Required action — Repeat the records below exactly from the line containing "CALLAS Eyelash Adhesive" to the line containing "Free summer meals", taking in both of those lines. Drop the pictures.

### Data to process

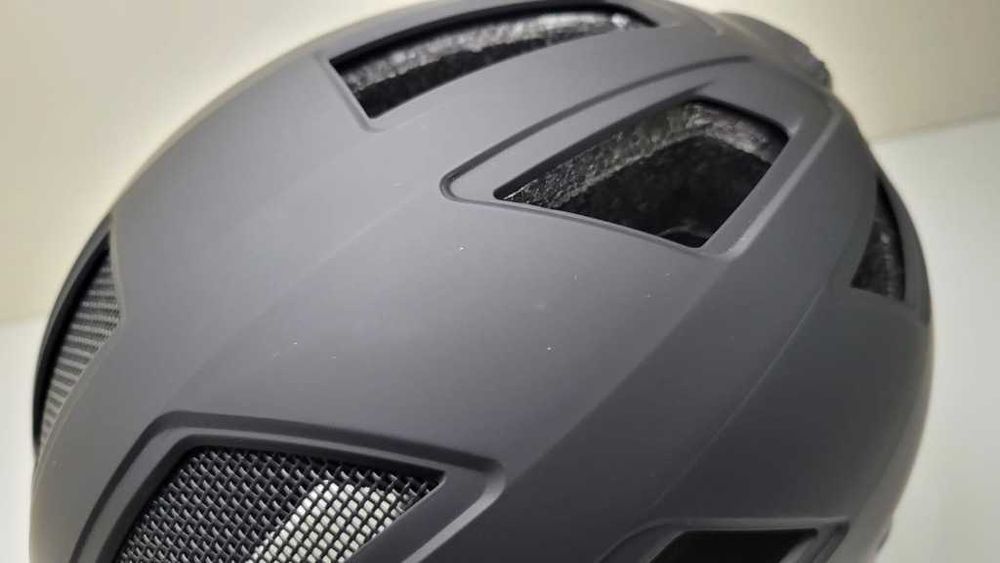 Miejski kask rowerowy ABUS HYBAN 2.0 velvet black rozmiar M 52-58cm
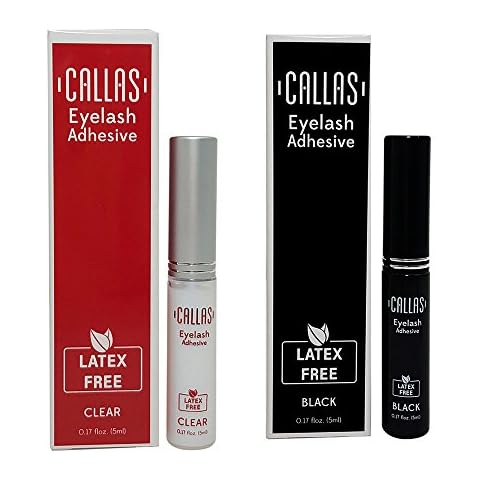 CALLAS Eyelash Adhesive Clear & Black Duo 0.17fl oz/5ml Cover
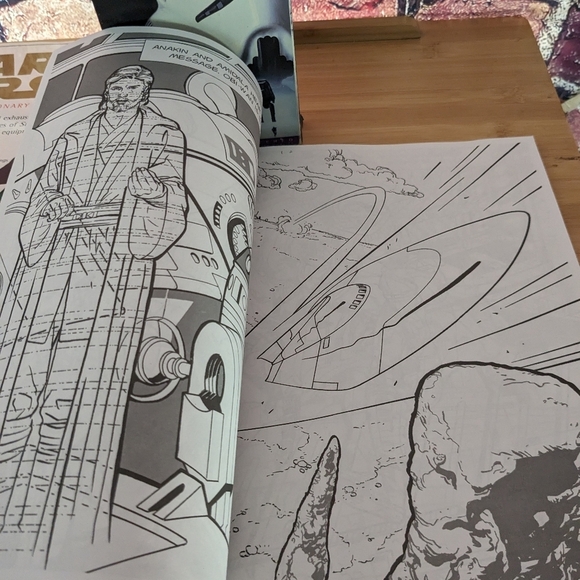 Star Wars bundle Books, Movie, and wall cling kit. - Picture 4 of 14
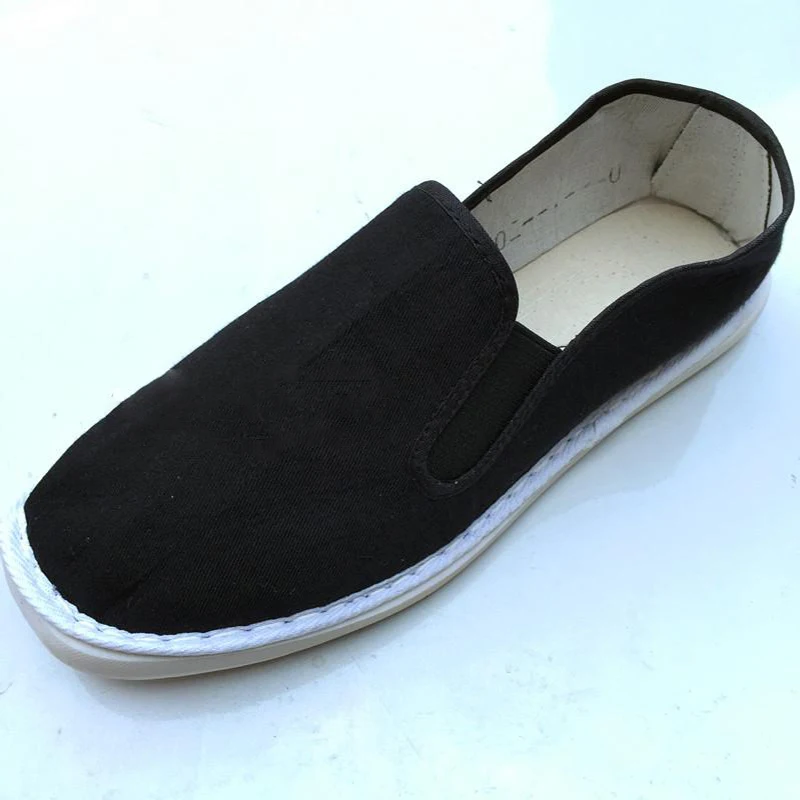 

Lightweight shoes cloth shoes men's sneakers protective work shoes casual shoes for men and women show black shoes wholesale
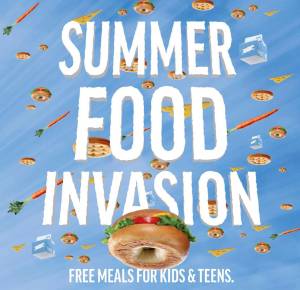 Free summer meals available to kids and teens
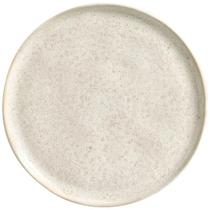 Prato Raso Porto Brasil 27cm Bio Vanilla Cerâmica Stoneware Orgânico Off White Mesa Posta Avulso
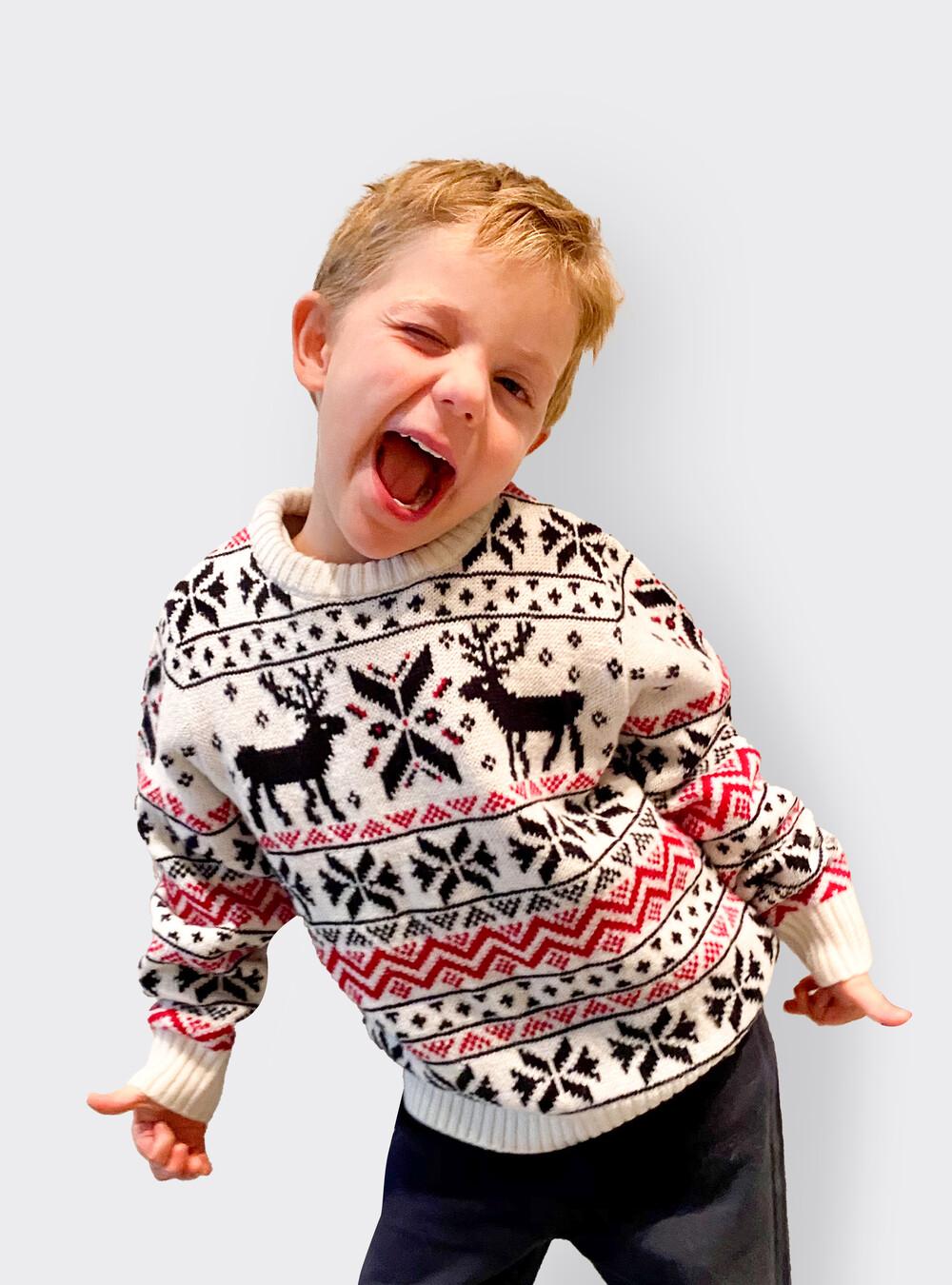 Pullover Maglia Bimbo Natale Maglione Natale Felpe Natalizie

######
### Data to process

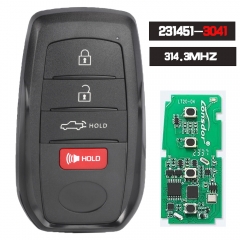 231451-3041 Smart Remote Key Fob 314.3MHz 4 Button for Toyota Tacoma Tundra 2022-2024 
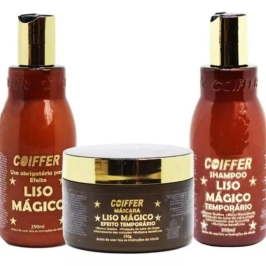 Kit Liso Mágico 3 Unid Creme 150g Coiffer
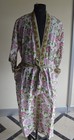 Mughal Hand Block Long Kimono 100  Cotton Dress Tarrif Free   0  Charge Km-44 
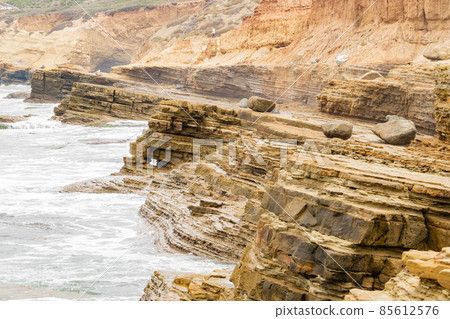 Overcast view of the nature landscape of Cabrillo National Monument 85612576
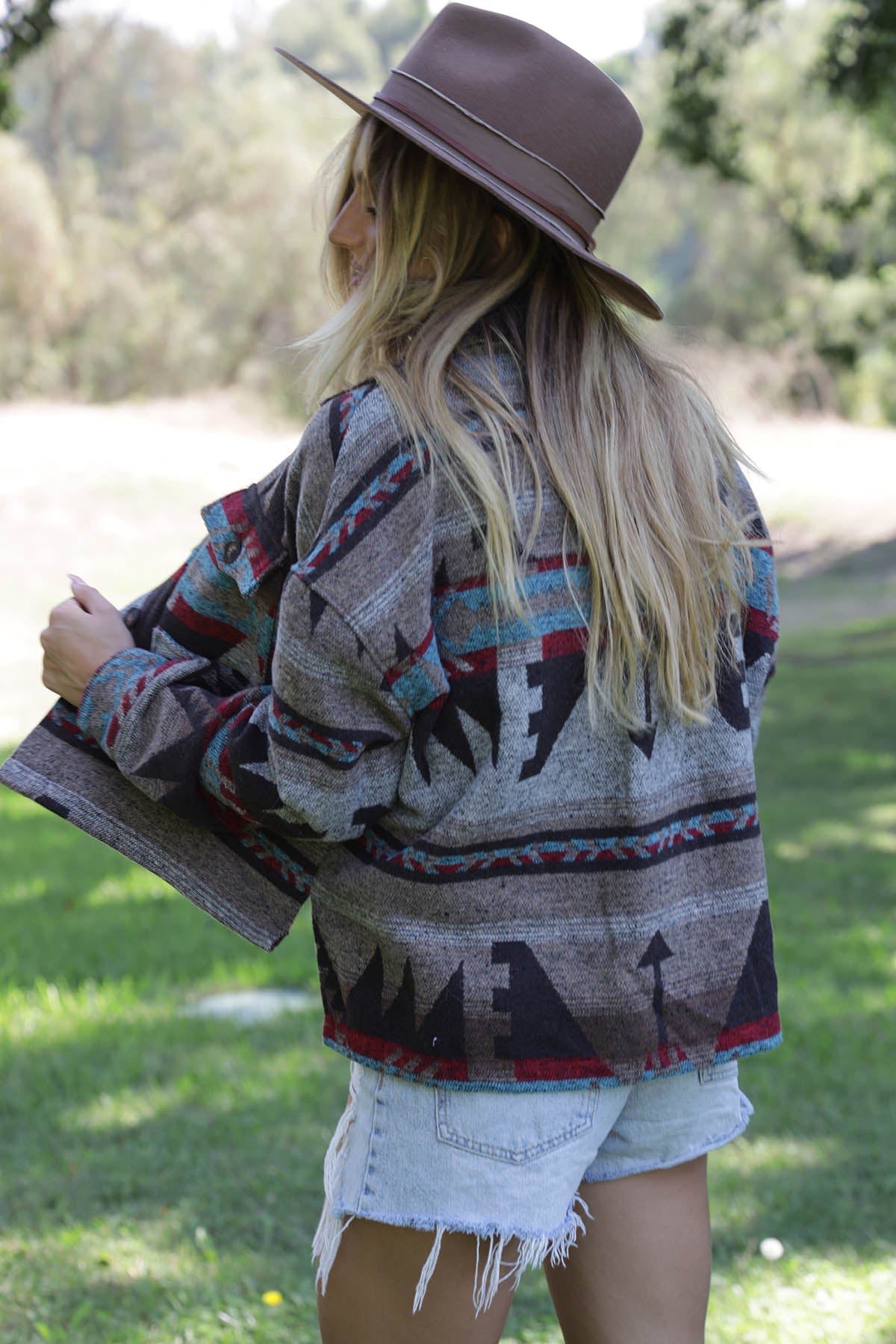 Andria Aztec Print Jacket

######
### Data to process

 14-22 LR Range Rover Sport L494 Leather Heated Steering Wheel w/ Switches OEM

######

Response area —
 CALLAS Eyelash Adhesive Clear & Black Duo 0.17fl oz/5ml Cover
 Star Wars bundle Books, Movie, and wall cling kit. - Picture 4 of 14

Lightweight shoes cloth shoes men's sneakers protective work shoes casual shoes for men and women show black shoes wholesale
 Free summer meals available to kids and teens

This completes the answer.